**Recorded information:**
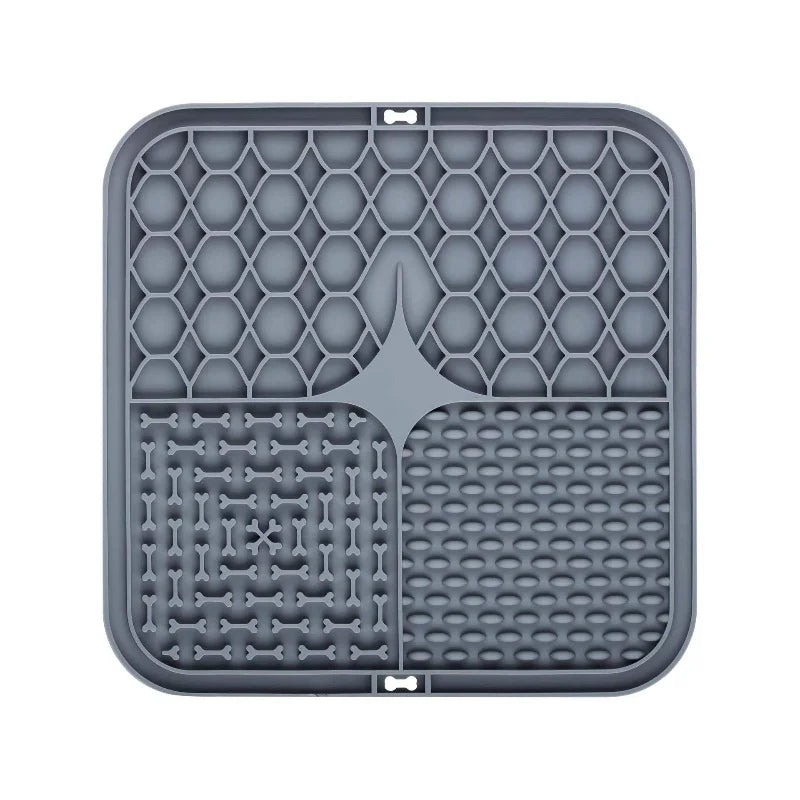 Calmscape Lick Mat – Calming Slow-Licking Mat for Dogs & Cats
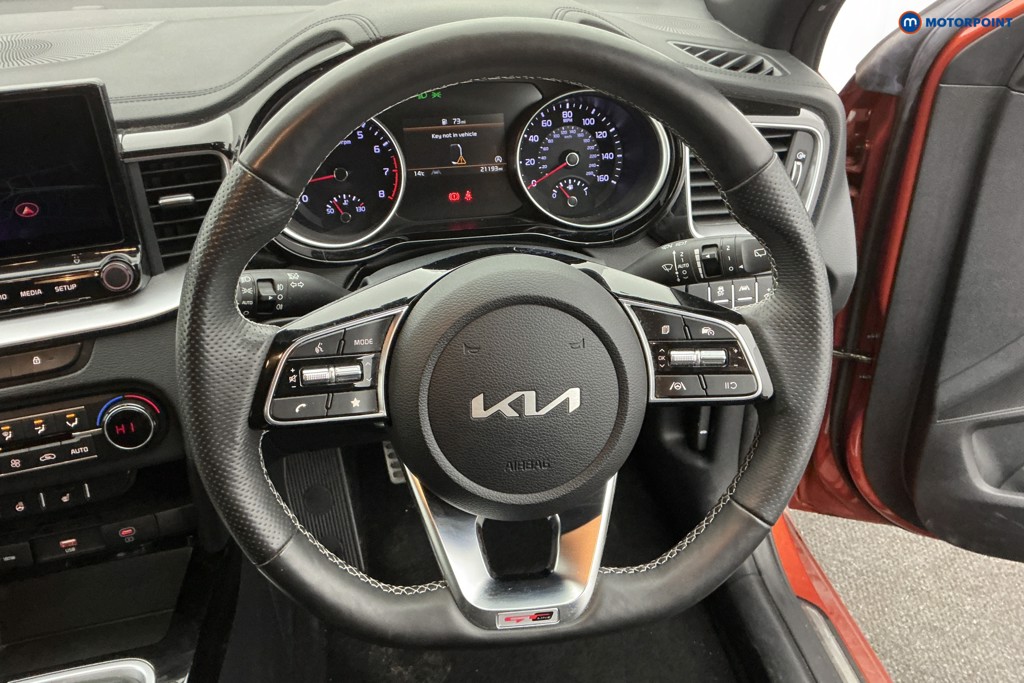 Used Kia Ceed 2022 for sale - 76819499: Photo 14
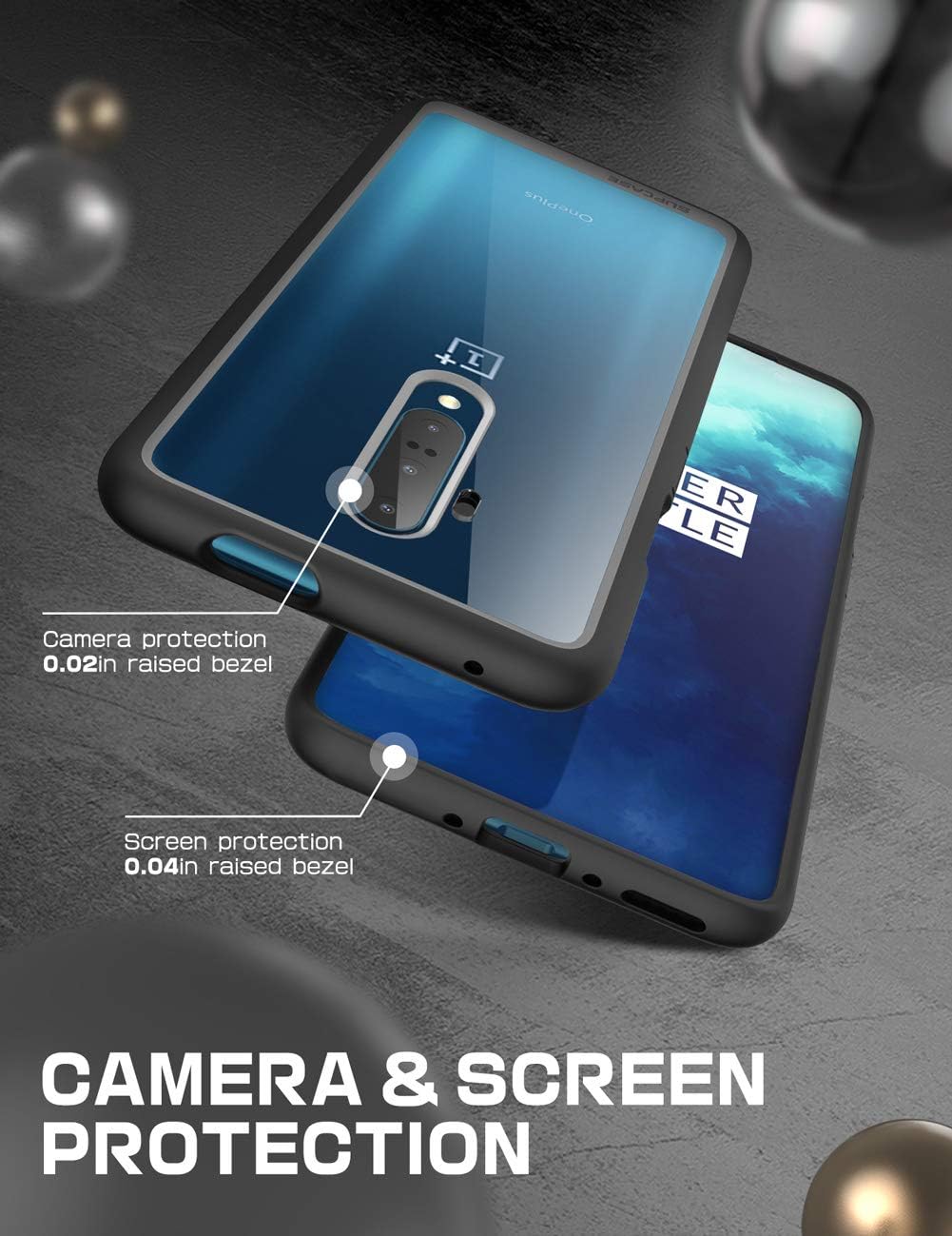 OnePlus 7 Pro / 7T Pro Case SUPCASE Unicorn Beetle Protective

**Problem to work on:** Please retype the data exactly as it appears, but without any of its pictures.

**Completed task:**
 Calmscape Lick Mat – Calming Slow-Licking Mat for Dogs & Cats
 Used Kia Ceed 2022 for sale - 76819499: Photo 14
 OnePlus 7 Pro / 7T Pro Case SUPCASE Unicorn Beetle Protective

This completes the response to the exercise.